5. Great Chinese Famine
Death Toll Estimate: 43 Million
Another century later and we’re now in a Communist-led China. The period 1958 to 1961 is also know as ‘the great leap forward’ – and it’s a sombre lesson in what can happen when a government attempts to change a country too quickly.
Although droughts and poor weather conditions led to the famine, the disaster can quite easily be seen as a consequence of the government’s attempts to rapidly transform the country from an agrarian economy into a modern communist society. Chinese peasants describe this period as the ‘three bitter years’, which is something of an understatement. Several decades later the Chinese economy became the largest in the world – but at quite a price.
4. Mongol Conquests
Death Toll Estimate: 60 Million
If there is one man who could be said to have more blood on his hands than anyone else in history, it is Genghis Khan. Under the leadership of Khan (and successors after his death), the Mongol empire grew into the largest land empire the world has ever seen – at its peak covering 16% of the Earth. The Mongol army swept across Asia, killing its rivals with great ferocity for the best part of two centuries. The death toll would certainly have been much higher if the Mongols had continued to progress west and into Europe.
Aside from all the killing, it wasn’t all bad under Mongol rule – with religious tolerance given to most faiths, as well as tax breaks for the poor.
3. World War 1
Death Toll Estimate: 65 Million
Although other wars had come close quite a few times, this was the first truly global war. The causes of the ‘great war’ are varied and rather complicated, but suffice it to say that in 1914 when the various European empires began to get too big for each other, they decided to form two vast alliances and fight it out for dominance.

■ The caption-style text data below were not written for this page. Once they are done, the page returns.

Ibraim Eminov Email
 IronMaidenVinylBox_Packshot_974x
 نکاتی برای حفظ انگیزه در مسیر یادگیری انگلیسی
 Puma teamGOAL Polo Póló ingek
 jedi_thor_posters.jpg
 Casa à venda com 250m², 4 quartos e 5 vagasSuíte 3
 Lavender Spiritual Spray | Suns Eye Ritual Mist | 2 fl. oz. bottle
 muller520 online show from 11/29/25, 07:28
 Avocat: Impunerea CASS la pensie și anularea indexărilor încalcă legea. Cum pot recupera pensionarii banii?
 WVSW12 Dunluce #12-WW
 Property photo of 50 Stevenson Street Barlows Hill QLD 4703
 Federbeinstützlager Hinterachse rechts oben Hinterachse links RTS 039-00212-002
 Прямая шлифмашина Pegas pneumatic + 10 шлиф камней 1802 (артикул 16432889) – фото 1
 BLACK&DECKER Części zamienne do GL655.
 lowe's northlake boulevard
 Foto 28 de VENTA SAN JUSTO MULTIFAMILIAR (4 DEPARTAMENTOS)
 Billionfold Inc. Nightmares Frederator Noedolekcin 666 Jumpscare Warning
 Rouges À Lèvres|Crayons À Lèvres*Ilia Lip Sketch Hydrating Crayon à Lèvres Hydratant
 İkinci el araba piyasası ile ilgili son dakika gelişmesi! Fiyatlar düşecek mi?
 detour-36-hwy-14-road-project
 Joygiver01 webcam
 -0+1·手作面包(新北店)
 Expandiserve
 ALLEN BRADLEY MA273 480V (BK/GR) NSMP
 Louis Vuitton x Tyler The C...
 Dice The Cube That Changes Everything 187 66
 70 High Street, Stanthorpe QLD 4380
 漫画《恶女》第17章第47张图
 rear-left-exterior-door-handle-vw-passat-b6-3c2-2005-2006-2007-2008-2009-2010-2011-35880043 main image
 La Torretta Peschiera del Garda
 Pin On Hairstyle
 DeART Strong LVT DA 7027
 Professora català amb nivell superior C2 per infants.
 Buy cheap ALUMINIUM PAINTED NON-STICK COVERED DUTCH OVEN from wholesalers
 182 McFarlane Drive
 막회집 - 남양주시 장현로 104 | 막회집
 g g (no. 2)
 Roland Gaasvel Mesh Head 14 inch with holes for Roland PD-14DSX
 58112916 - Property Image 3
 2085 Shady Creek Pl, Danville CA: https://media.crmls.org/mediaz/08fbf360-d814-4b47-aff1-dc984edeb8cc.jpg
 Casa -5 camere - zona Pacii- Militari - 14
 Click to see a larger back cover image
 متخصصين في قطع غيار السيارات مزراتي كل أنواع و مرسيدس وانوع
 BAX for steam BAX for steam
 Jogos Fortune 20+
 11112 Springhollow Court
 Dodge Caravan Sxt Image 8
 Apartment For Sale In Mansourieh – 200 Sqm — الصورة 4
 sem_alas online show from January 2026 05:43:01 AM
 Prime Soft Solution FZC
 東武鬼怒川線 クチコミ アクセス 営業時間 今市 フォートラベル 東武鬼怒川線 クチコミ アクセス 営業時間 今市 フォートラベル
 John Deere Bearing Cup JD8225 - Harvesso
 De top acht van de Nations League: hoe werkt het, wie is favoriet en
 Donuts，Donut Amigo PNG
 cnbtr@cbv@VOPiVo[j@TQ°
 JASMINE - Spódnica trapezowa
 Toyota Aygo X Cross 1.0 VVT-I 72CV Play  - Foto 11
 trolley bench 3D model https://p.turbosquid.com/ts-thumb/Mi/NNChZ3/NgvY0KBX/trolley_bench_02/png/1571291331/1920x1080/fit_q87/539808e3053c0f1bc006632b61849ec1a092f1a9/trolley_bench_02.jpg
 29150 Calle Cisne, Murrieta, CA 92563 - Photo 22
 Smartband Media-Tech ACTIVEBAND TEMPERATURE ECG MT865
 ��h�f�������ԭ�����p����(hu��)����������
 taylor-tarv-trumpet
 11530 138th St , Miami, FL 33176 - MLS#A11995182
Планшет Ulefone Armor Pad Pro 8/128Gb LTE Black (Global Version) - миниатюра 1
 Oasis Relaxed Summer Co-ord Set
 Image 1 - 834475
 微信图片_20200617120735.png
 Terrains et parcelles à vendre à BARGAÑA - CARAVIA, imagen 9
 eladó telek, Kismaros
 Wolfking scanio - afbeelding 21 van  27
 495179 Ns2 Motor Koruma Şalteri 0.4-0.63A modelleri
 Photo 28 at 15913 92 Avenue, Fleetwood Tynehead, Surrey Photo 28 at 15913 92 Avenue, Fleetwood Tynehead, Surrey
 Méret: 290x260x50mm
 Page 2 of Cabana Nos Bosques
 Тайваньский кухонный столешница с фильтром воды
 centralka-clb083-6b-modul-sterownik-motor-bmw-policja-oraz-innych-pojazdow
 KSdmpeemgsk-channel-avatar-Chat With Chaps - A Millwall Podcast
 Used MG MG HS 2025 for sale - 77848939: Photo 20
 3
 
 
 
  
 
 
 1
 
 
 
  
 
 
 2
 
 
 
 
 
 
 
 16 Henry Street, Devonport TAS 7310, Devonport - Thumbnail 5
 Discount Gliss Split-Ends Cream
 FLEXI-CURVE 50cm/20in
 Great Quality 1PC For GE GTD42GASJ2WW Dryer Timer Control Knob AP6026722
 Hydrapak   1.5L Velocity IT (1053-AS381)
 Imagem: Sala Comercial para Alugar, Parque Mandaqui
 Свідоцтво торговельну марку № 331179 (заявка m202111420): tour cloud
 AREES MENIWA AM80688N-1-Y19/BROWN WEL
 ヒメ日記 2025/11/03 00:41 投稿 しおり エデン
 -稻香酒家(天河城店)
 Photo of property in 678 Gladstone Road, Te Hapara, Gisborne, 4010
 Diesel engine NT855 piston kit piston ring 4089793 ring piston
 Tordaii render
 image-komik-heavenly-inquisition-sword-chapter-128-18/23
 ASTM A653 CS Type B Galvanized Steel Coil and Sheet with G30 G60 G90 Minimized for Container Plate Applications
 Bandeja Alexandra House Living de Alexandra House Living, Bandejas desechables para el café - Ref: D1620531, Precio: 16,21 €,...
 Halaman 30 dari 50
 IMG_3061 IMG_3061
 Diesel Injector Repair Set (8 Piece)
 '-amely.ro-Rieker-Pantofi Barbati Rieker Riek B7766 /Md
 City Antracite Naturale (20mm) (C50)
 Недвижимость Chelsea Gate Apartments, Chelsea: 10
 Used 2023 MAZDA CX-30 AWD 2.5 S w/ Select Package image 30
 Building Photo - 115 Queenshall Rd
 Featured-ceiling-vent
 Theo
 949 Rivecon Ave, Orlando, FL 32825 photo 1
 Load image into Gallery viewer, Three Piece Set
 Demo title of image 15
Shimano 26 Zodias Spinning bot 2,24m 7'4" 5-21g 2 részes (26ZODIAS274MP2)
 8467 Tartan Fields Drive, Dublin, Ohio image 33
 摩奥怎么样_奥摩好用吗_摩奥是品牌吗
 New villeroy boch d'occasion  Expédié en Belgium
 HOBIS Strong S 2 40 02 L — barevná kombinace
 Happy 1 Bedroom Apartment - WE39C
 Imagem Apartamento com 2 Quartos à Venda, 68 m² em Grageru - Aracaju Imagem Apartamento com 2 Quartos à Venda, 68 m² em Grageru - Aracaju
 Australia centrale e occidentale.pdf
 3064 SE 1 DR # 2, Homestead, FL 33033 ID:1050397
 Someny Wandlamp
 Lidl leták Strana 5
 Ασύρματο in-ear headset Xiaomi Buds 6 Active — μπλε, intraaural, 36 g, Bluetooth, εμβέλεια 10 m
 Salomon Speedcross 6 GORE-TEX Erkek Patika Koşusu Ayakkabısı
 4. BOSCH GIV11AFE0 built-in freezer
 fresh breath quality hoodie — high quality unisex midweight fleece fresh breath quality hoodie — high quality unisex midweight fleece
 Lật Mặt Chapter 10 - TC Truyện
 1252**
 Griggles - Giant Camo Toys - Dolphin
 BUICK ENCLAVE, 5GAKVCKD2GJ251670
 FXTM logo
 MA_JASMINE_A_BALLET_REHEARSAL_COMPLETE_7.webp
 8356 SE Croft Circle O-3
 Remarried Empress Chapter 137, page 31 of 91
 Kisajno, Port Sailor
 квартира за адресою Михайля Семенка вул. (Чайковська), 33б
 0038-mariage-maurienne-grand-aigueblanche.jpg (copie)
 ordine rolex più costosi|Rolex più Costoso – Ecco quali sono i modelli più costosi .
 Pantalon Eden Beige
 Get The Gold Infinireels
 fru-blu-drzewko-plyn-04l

Europe became divided, and dragged the rest of the world into its rapidly widening sinkhole. Outdated warfare tactics were deadly to the soldiers involved: these young men would often be ordered to walk very slowly towards the opponent’s machine-gun fire. When the war finished in 1918, Europe and the world began to count the cost of so many lost lives. Most agreed that this madness could never happen again…
2. World War 2
Death Toll Estimate: 72 Million
Having taken a break from fighting for a few years, ‘total war’ broke out again in 1939. The two teams divided again into vast forces, and called themselves the Allies and the Axis. During the short break before the war, each country had decided to build some new killing machines – taking to the skies and to the sea, and developing more efficient land-based vehicles as well as automatic weapons their soldiers could now carry. And as if this wasn’t enough, a certain country decided to build a very big bomb. The Allies eventually ‘won’ the war, though 85% of the death toll came from their side, with the Soviet Union and China seeing the greatest casualties. The majority of deaths also came outside of the combat zone, and can therefore be attributed to war crimes.
1. European Colonization of the Americas
Death Toll Estimate: 100 Million
When Christopher Columbus, John Cabot and other explorers in the 15th century found a new continent, it must’ve seemed like the dawn of a new age. Here was a new paradise that adventurous Europeans could call their new home. There was, however, one problem: this land already had an indigenous population.
Over the following centuries, the seafaring Europeans brought vast death tolls to what is now referred to as North and South America. Although war and invasion can account for a hefty chunk of these casualties, it was the natives’ lack of immunity to European diseases that caused the most deaths. Some estimates state that 80% of the Native American population died as a result of contact with Europeans.